In May 1928, President Calvin Coolidge approved a $15 million appropriation to improve veterans health facilities, including $1.1 million for Hines. With this money, the hospital was able to renovate its staff quarters into tuberculosis and behavioral health wards. They also built a new administration building and employee housing, thus opening more space in the Main Infirmary Building, increasing its capacity to 1,600. It was also at this point that the hospital grounds were extensively landscaped with a sunken garden, a new street lighting system, a new east entrance, and new drives. The landscaping is attributed to Jens Jensen, although it is uncertain if Jensen's design was ever implemented. On July 26, 1931, the Doughboy Fountain was donated by the Cook County American Legion Auxiliary in honor of World War I veterans. A memorial to Medal of Honor recipient George Dilboy, who was killed in the war, was unveiled in 1942. Hines Hospital became the national leader in surgery for veterans facilities, performing over 14,600 procedures per year by 1935.

During World War II, a new eighty-three building complex was built adjacent to the property with a $4.5 million appropriation. Known as the Vaughan General Hospital, it was built on the 102 acre grounds of the former Maywood Air Mail Field to serve the needs of the Army.
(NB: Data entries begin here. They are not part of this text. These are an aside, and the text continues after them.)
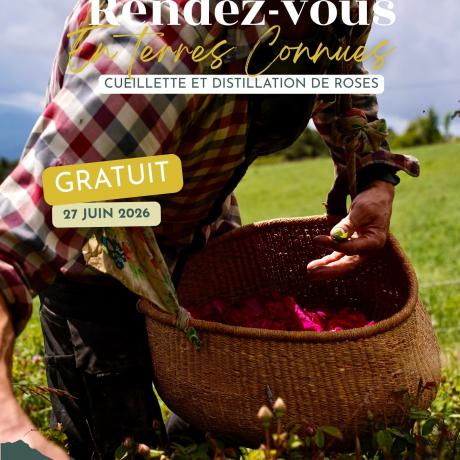 Rendez-vous en terres connues : Cueillette et distillation de roses._Théus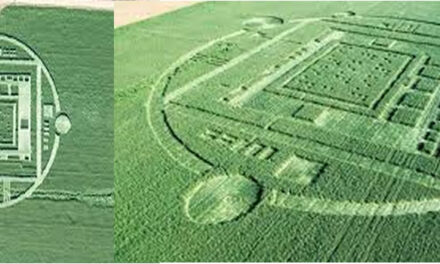 Meer info over de graancirkel in Californie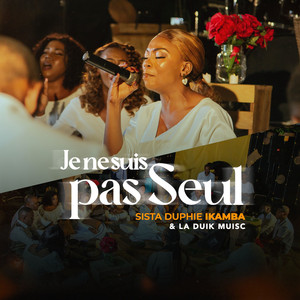 Je ne suis pas seul(e) [Live]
The first patient was admitted on August 1, 1944. The new campus was added to the Hines complex after the war in April 1946, increasing the capacity of Hines from 1,600 to 3,253 beds. The new campus also afforded Hines the opportunity to manufacture some of its medical equipment and establish a medical research division. In 1946, Hines partnered with five medical schools to become a training center.

===1960s to present===
In 1962, the Department of Health, Education, and Welfare transferred 31 acres of the Hines property to the State of Illinois Department of Mental Health so that they could build a new mental health facility. The John J. Madden Clinic took over mental health operations from the hospital, allowing Hines to re-purpose 280 beds to intensive care. Also that year, 60 acre of the Vaughan campus were leased to Loyola University Chicago Stritch School of Medicine to build a new medical school. The 451-bed Foster G. McGraw Hospital, later known as the Loyola University Medical Center, opened on May 29, 1969. This partnership allowed Hines to have one of the most comprehensive residency programs among veterans hospitals.

The Vietnam War brought another influx of injured veterans to Hines. In response, a $32 million, 1,200 bed hospital was built from 1966 to 1970 to replace the Main Infirmary Building. A 120-bed Nursing Home Care Unit was completed in 1982 to treat aging veterans of the two World Wars. By the early 1990s, the complex had sixty-two buildings, including one of five Blind Rehabilitation Centers in the Veterans Affairs network. An eighteen-bedroom Ronald McDonald House was added in 1995. By 1996, the facility had serviced 900,000 patients. The most recent developments are a new Blind Rehabilitation Center and Spinal Cord Injury Center in 2005.

==Historical recognition==
The historic value of the campus was recognized in 1980, when the Old Airmail and Postal Service Buildings were determined to be eligible for the National Register of Historic Places by the National Park Service. The buildings may be the oldest mail airport structures in the United States, serving the Postal Service between 1922 and 1927. Charles Lindbergh piloted the maiden air mail flight between Chicago and St. Louis, Missouri on April 15, 1926. Today, the buildings house a garage and an inflammable storage building. Two years later, the VA hospital was also determined eligible for listing, although neither property was listed in the following decades. These two entities were combined into the Edward Hines Jr. Veterans Administration Hospital Historic District, which was listed on October 9, 2013. The 45 acre district includes twenty-six of the early buildings on campus.